→ Your task:
Return exactly the span of lines in the following data that opens with the line containing "30 Hillsdale Dr, Clayton, NC 27527" and closes with the line containing "Politico: передача Украине". Include nothing else.

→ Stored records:
★ ★ ★ ★ ★ ★ ★
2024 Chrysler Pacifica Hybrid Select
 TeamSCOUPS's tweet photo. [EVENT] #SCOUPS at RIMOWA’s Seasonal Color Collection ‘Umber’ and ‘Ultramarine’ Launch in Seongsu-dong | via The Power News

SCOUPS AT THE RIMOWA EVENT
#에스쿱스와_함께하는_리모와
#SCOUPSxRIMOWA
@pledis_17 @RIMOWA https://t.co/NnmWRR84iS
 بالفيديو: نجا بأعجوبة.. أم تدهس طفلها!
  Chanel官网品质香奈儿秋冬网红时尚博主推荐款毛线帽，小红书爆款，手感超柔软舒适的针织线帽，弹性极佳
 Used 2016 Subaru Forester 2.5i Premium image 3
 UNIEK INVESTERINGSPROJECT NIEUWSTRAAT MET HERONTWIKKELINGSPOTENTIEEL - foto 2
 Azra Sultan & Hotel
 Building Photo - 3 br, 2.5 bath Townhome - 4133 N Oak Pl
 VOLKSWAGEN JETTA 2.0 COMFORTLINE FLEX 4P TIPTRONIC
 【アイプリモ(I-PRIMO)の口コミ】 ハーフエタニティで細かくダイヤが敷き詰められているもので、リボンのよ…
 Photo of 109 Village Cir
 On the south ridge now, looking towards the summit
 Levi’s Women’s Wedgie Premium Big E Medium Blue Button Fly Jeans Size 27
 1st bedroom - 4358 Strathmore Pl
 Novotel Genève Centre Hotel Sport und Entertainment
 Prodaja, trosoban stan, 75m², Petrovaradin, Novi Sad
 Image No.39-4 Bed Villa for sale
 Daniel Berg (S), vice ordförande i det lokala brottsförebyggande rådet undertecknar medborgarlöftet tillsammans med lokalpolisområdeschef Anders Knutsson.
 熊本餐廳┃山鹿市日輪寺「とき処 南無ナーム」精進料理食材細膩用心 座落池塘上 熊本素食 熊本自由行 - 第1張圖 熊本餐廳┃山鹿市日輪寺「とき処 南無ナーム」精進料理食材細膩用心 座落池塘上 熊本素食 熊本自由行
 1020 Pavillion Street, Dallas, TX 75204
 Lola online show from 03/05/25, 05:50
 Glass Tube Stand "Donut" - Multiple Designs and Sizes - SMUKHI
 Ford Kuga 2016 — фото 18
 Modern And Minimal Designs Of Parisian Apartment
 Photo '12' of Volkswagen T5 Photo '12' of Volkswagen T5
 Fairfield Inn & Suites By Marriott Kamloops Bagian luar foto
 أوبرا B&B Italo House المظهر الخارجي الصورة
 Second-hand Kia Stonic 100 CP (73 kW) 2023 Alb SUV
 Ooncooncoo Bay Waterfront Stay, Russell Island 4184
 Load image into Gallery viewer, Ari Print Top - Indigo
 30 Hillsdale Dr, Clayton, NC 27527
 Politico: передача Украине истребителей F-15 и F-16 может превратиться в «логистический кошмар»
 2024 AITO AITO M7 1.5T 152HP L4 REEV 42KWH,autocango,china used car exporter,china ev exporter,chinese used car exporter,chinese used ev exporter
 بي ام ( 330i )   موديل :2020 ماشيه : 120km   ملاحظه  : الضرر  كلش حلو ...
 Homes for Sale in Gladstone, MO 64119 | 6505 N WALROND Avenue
★ ★ ★ ★ ★ ★ ★
→ Response to the task:
 30 Hillsdale Dr, Clayton, NC 27527
 Politico: передача Украине истребителей F-15 и F-16 может превратиться в «логистический кошмар»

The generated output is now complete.